Southeast Energy News

EPA removes Arkansas’ coal restrictions

PLUG: Southeast Energy News reporter Elizabeth Ouzts will be a guest on WUNC’s “The State of Things” program to talk about the latest developments with the Atlantic Coast Pipeline project. Listen on the air or online at noon Eastern.

EMISSIONS: The EPA accepts part of a scaled-back haze-reduction plan from Arkansas, though the most contentious part of the plan is not final. The Sierra Club said the action amounts to the EPA rejecting its own clean air plan(Associated Press, Arkansas Democrat-Gazette, Arkansas Times)

NUCLEAR:
• The federal government wants a seat at the table as South Carolina regulators review Dominion Energy’s proposed purchase of a state utility. (Post and Courier)
• Dominion Energy’s CEO is optimistic the planned purchase of SCANA will be completed later this year, despite criticism the proposal sells customers short. (The State)
• Dominion expects 8 to 10 percent earnings growth over a three-year period if its planned SCANA takeover is approved. (Aiken Standard)
• South Carolina’s legislative agenda continues to center on the scrapped Summer nuclear project as lawmakers consider repealing a law that lets utilities charge customers before the plants were finished. (Post and Courier)

COAL ASH: Environmental groups challenge the dismissal of a lawsuit that would force a cleanup of coal ash the groups say is contaminating groundwater flowing into a central Kentucky lake. (E&E News, registration)

UTILITIES:
• Virginia regulators say legislation pushed by Dominion Energy could keep customers from getting refunds for years, make it more difficult to lower base rates and result in billions of dollars in extra costs for ratepayers. (Richmond Times-Dispatch)
• An email exchange reveals close ties between Dominion Energy and Virginia lawmakers from both parties, which may be critical as Dominion faces scrutiny of its political influence. (Associated Press)

SOLAR:
• 
North Carolina Gov. Roy Cooper intervenes to help Duke Energy and solar developers resolve a dispute that threatened to block more than 100 projects. (Charlotte Business Journal, subscription)
• The North Carolina Clean Energy Technology Center releases its quarterly 50 States of Solar report analyzing solar policy actions around the country. (pv magazine)
• 
Arkansas solar industry officials say Trump’s tariff on imported products shouldn’t prevent solar from continuing its fast-paced growth there. (Arkansas Democrat-Gazette)

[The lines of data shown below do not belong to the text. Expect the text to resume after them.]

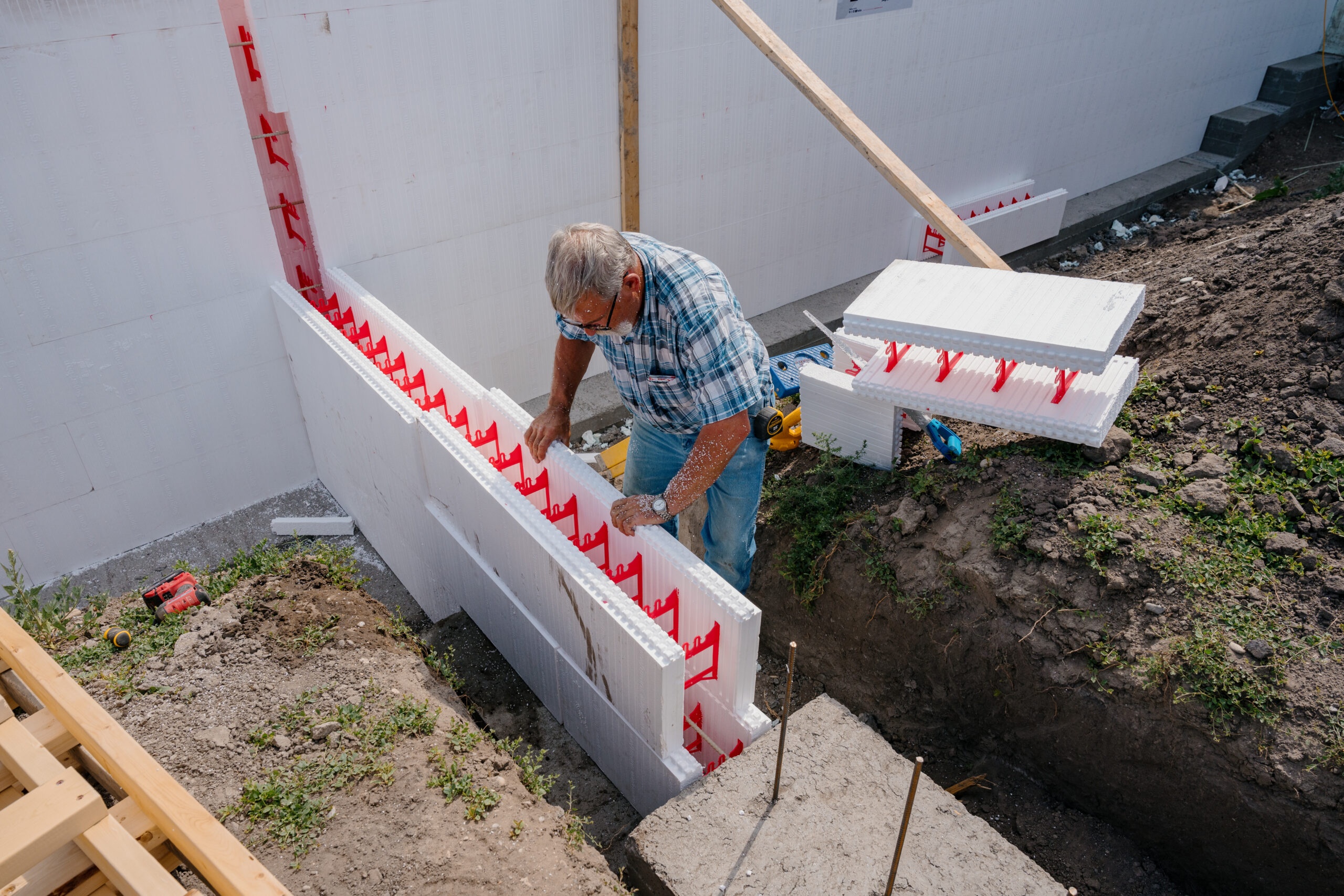 BuildBlock ICF forms being stacked for concrete pour in Spokane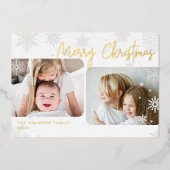 Snowy Script | 2 Kerstfeest met foto's Folie Feestdagenkaart (Voorkant)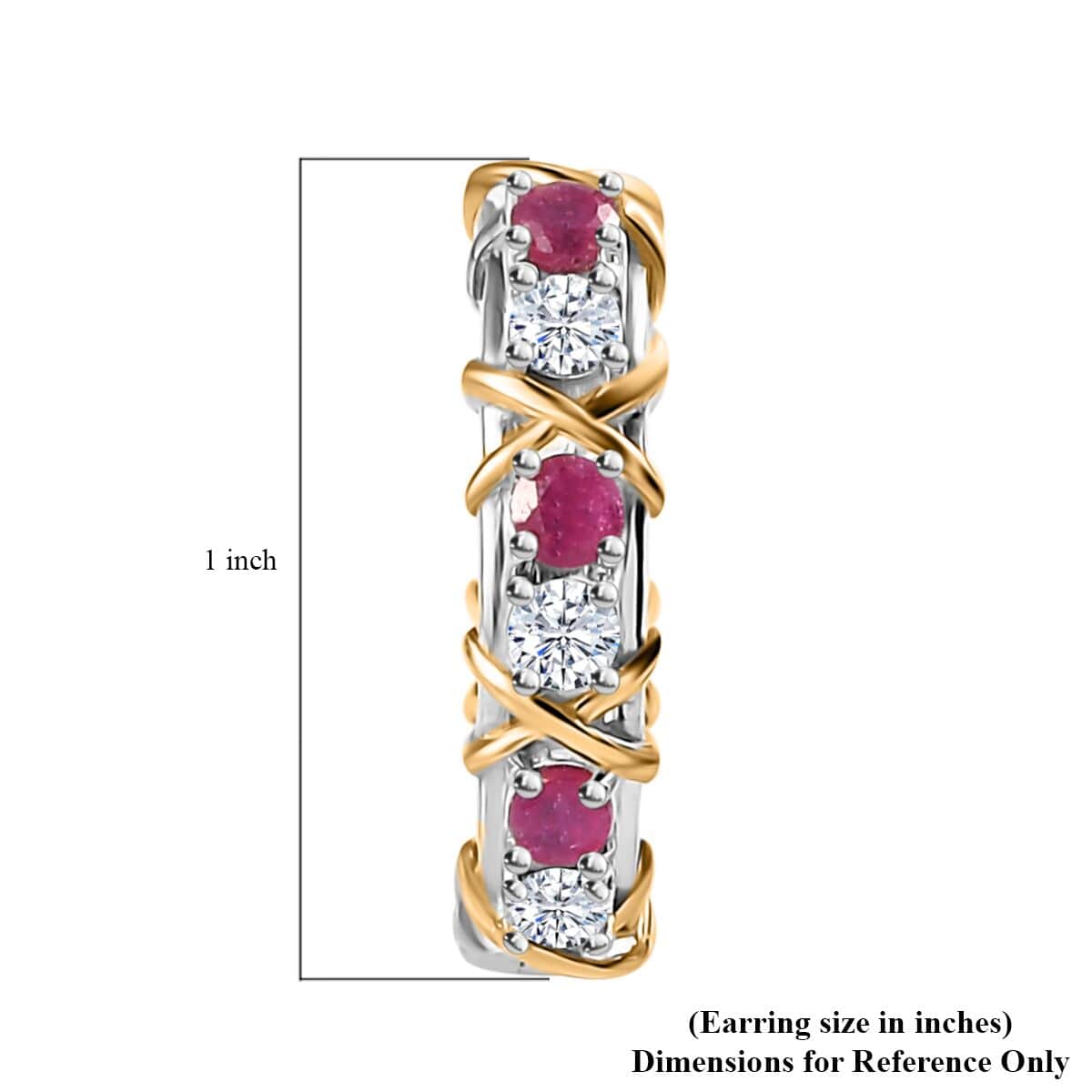 Moissanite and Niassa Ruby (FF) XOXO Hoop Earrings in Vermeil YG and Platinum Over Sterling Silver 2.90 ctw image number 4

PIPELINES: A Nashville resident who co-authored a field study that he says showed the poor condition and oversight of Tennessee pipeline infrastructure is starting an initiative to publicly promote clean energy with his study as its centerpiece. (Tennessean)

OFFSHORE DRILLING: Federal officials postpone until Feb. 21 a meeting on potentially reopening the Virginia coastline to offshore drilling, though the location is still two hours from the coast despite criticism. (Virginia Pilot)

SHALE: The University of Southern Mississippi joins a DOE-funded university consortium for a three-year project to research shale extraction from the Tuscaloosa Marine Shale in the Gulf Coast region. (Mississippi Business Journal)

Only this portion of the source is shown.